Nowhere is this reality more concerning than in the future of Trey Lance, the greatest and gravest of Shanahan’s aggressive trade-ups. Such are Lance’s physical gifts that he entered the league with Daunte Culpepper, Donovan McNabb, and Colin Kaepernick comparisons. But he also came into the pros with just one season of FCS experience—a nearly unprecedented lack of experience for a top-five draft selection. More pro-ready passers, like Mac Jones and Justin Fields, were on the board for Shanahan and the 49ers. But he chose Lance, the player who, above all else, needs development.
How can the 49ers be trusted to develop Lance under these conditions? The offensive line protecting him is anchored by good but aging veterans with spotty starters laced in between. The receiver room is a turnstile, stabilized only by the continued dominance of Samuel and tight end George Kittle—when healthy. So far, Lance has gotten six quarters of action, made plenty of mistakes, and has seemingly already been shelved for the first time in his career—he’s healthy on the sideline as he watches Garoppolo make the same, predictable errors that drove Shanahan to find his replacement in the first place.
This is the seesaw out of balance. Shanahan is a man with a pail facing a roaring fire, running to and from a river of only his own strengths, his own perspectives, his own abilities. The coaching talent that long supported him—defensive coordinator Robert Saleh, receivers coach Mike LaFleur, offensive line coach John Benton—is elsewhere. He is alone, with his consolidated power, and the consequences of it.
If Lance is good, none of it matters. That’s the great relief, the great truth, of NFL football: win games, and nobody cares. Shanahan’s win-loss record might look concerning, but there’s plenty of context to explain that away—for as funny as it is to see the coaches ranked above him in win-loss percentage, everyone knows that Shanahan is a better coach than most. He pushed his chips in with Lance, and if Lance pans out, the 49ers will suddenly start winning a lot more games. Nobody will care where Aiyuk was, or is, once Lance hits Deebo for a game-winning playoff touchdown.

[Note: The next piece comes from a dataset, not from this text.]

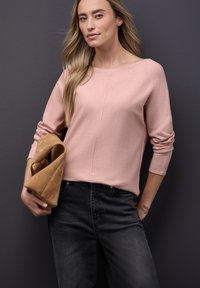 Suéter de manga larga en rosa claro con escote barco, combinado con jeans de mezclilla oscura. La modelo sostiene un clutch de ante color beige plegado.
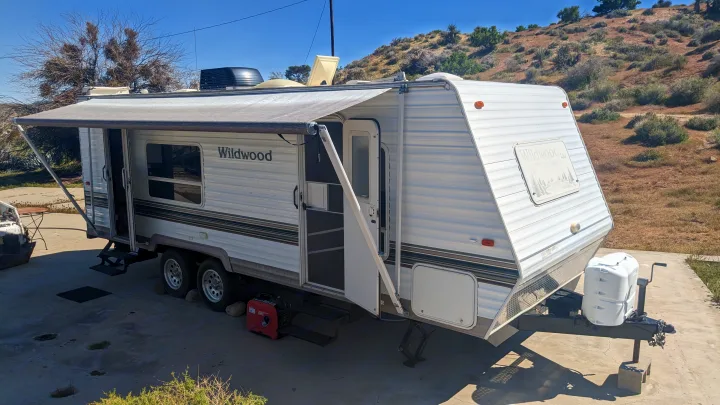Experience outdoor living! This Wildwood travel trailer is ready for your next rv rental, parked in a sunny desert landscape.. Forest River Wildwood 2005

But if Lance isn’t good, San Francisco’s franchise must be put back into balance. Shanahan the offensive designer can no longer overcome the failings of Shanahan the player developer and Shanahan the personnel executive. Someone—either Lynch, or a new addition to the front office—must replace Shanahan’s influence in the draft war room and free agency meetings, ensuring that the players acquired aren’t only idealized fits or familiar veterans for Shanahan’s grand vision. Someone—almost definitely Lynch—must become a voice to champion young players as they work through mistakes in real time. Shanahan needs to return to his bread and butter, the rock-solid foundation that got him this job in the first place: designing plays and then calling them. Doing that well, and leaving the other responsibilities for leaders with strengths for those roles, should return San Francisco to its winning ways.